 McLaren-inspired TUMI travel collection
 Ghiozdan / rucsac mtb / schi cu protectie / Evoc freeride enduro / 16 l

════════════════

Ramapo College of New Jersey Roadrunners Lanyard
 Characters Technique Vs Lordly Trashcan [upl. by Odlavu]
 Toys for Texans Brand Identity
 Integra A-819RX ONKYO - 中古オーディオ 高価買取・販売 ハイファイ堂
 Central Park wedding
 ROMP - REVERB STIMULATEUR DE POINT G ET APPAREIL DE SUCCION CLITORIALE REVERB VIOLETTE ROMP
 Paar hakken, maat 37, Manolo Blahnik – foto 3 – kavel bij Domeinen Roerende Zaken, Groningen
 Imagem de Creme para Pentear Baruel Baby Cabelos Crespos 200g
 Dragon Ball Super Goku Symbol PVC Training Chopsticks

════════════════

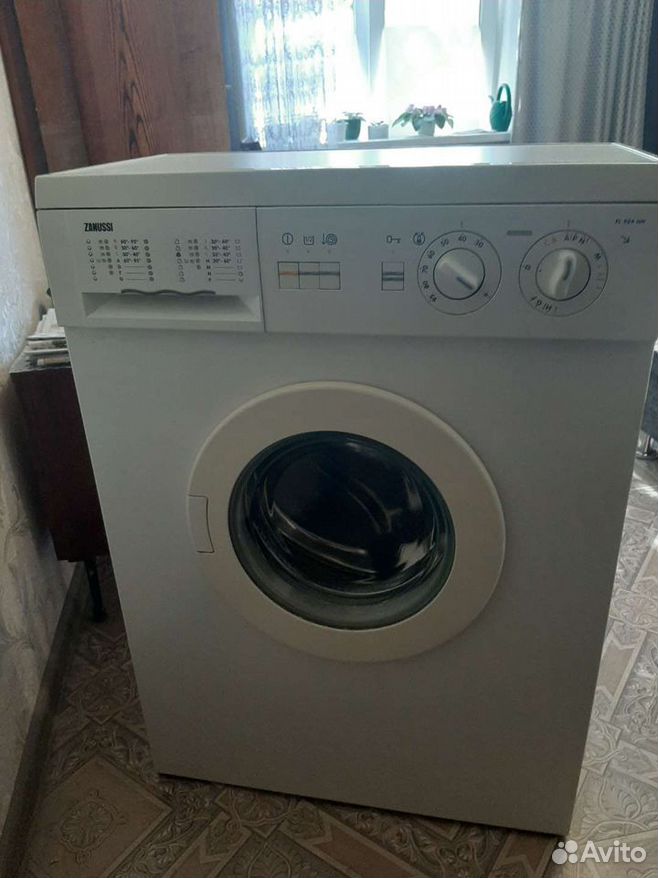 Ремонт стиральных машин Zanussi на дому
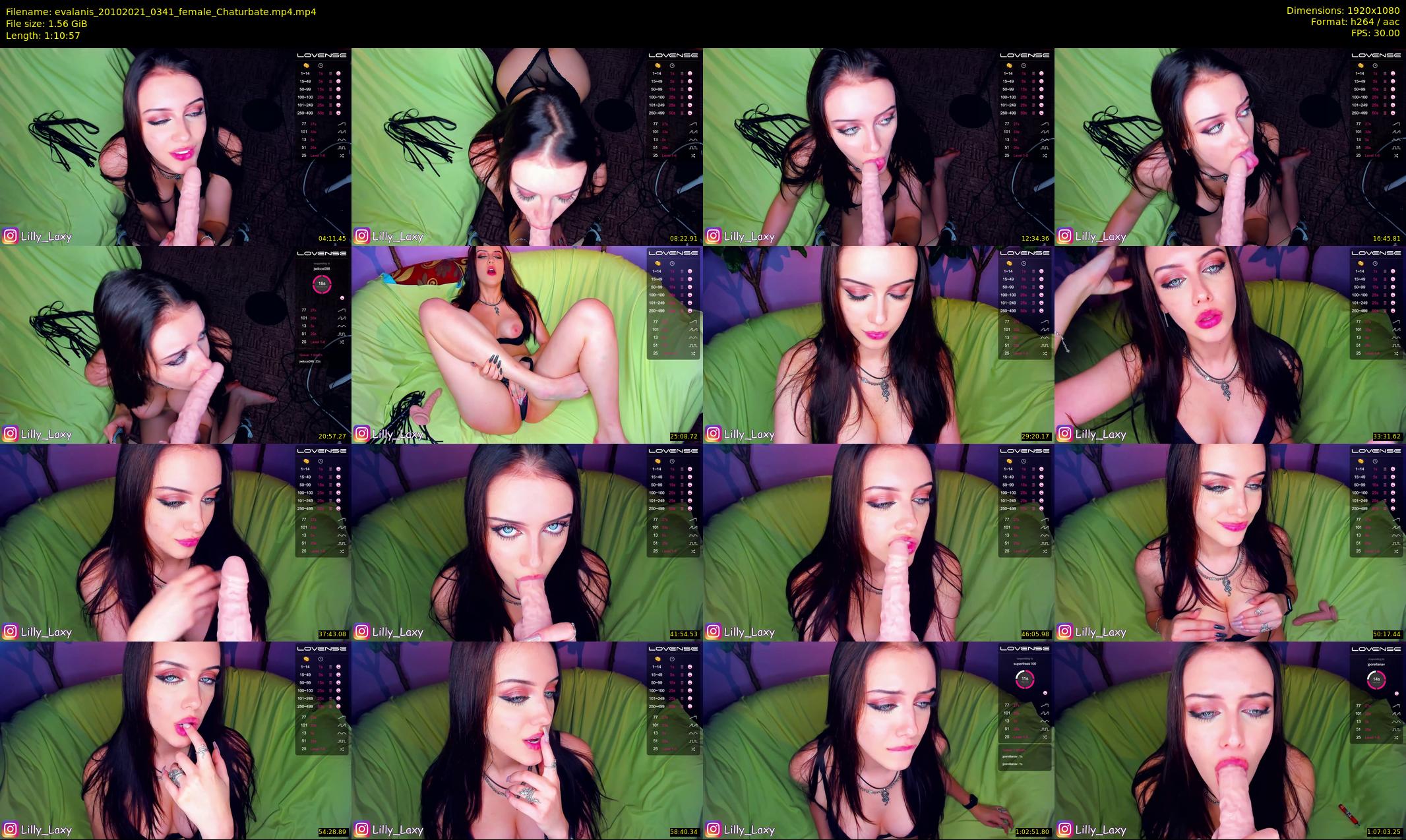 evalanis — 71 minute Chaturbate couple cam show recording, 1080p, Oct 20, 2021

════════════════

WORK ORDER: What is needed is a verbatim copy of every line in the records above from the one containing "McLaren-inspired TUMI travel collection" down to the one containing "Ghiozdan / rucsac", both included, and nothing more.

TASK OUTPUT:
 McLaren-inspired TUMI travel collection
 Ghiozdan / rucsac mtb / schi cu protectie / Evoc freeride enduro / 16 l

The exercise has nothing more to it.